### THE PROBLEM
Word for word, copy the lines from the one with "Toyota Land Cruiser" to the last line of the data below, counting both, and keep every picture out.

### DATA BELOW
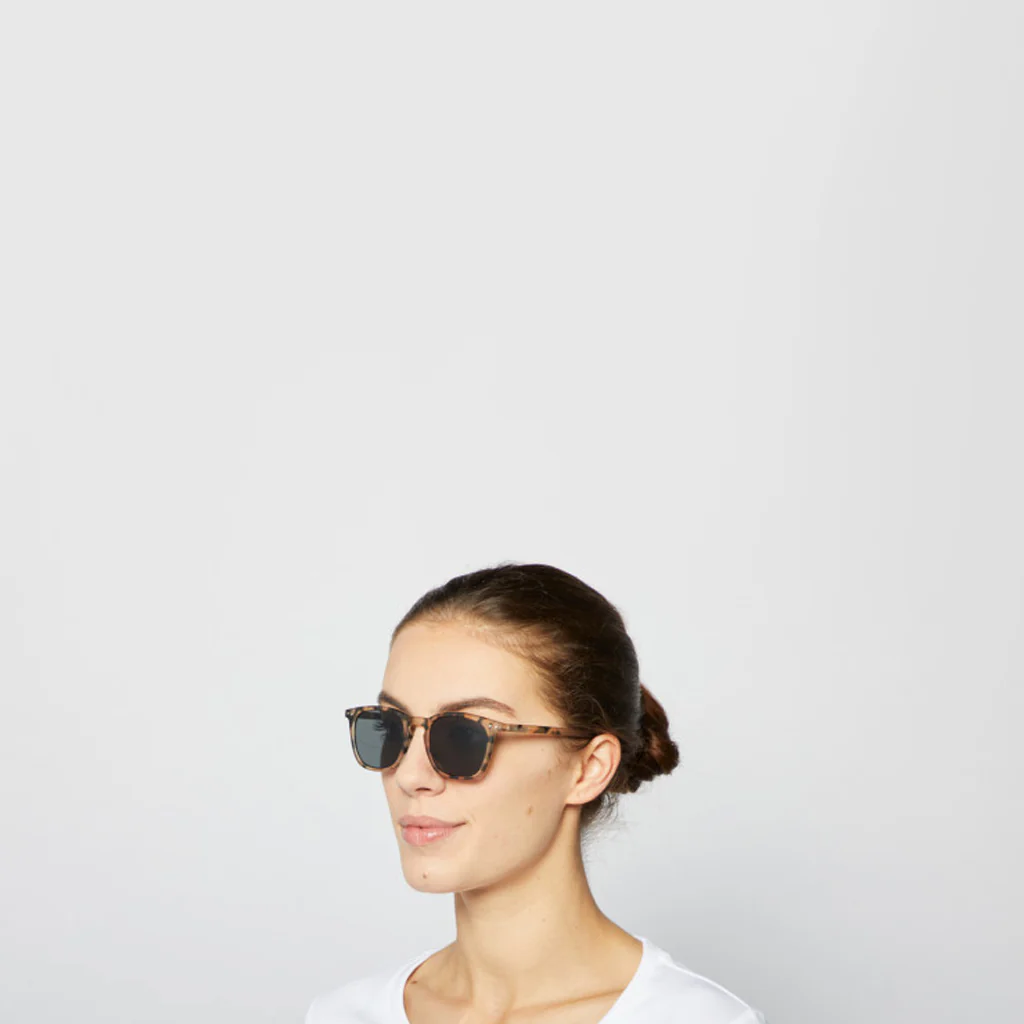 Izipizi Sunglasses Adult #E Light Tortoise - Image 4
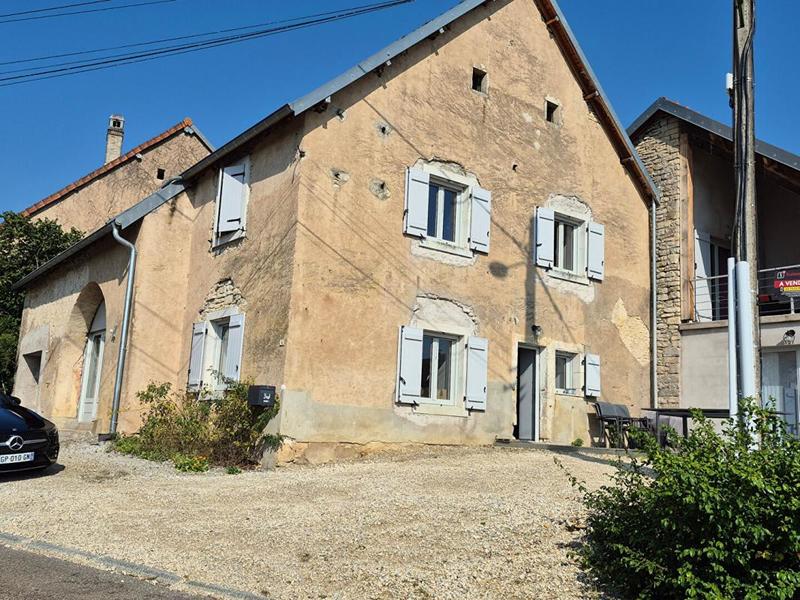 Demeure - 260 m² - 6 pièces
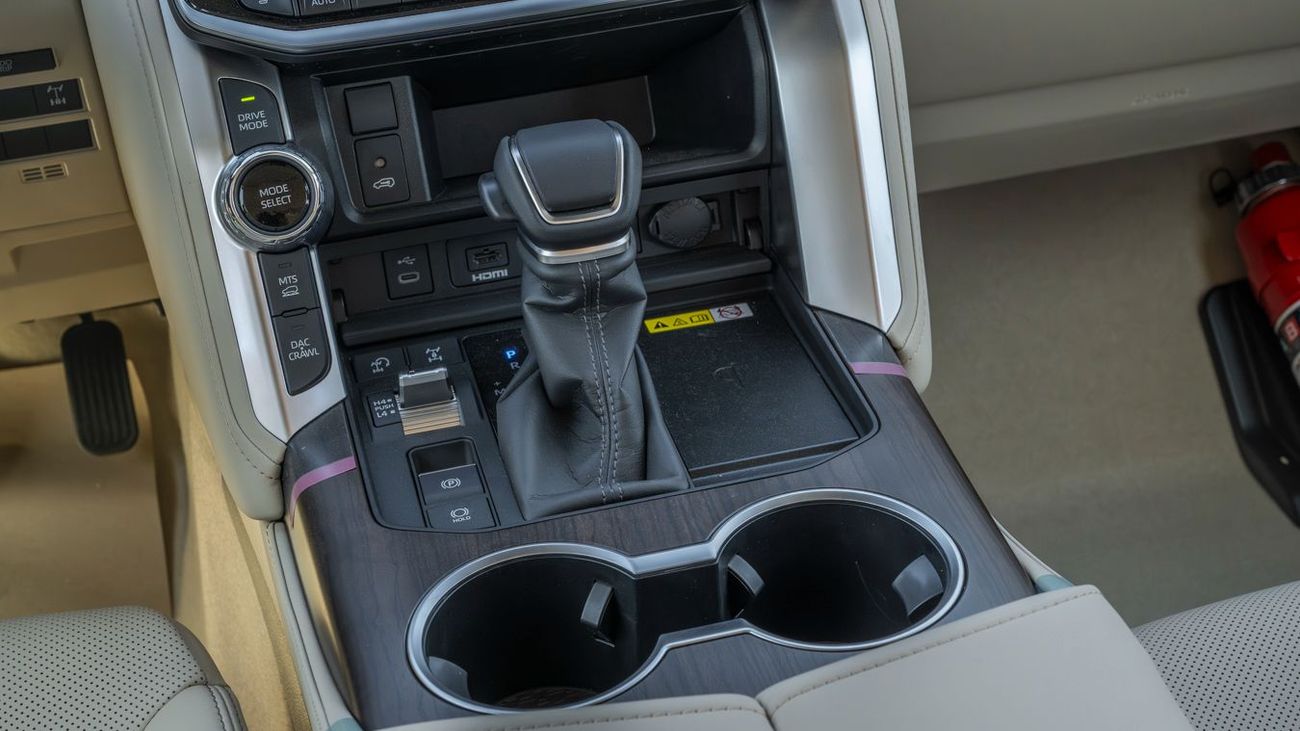 Toyota Land Cruiser TOYOTA LANDCRUISER 3.5 GXR -2026YM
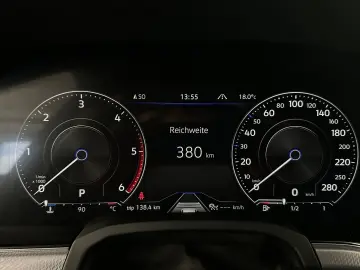 VW Touareg 3.0 TDI 4M R-Line HUD ACC Innovision AHK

### RESULT OF THIS EXERCISE
 Toyota Land Cruiser TOYOTA LANDCRUISER 3.5 GXR -2026YM
 VW Touareg 3.0 TDI 4M R-Line HUD ACC Innovision AHK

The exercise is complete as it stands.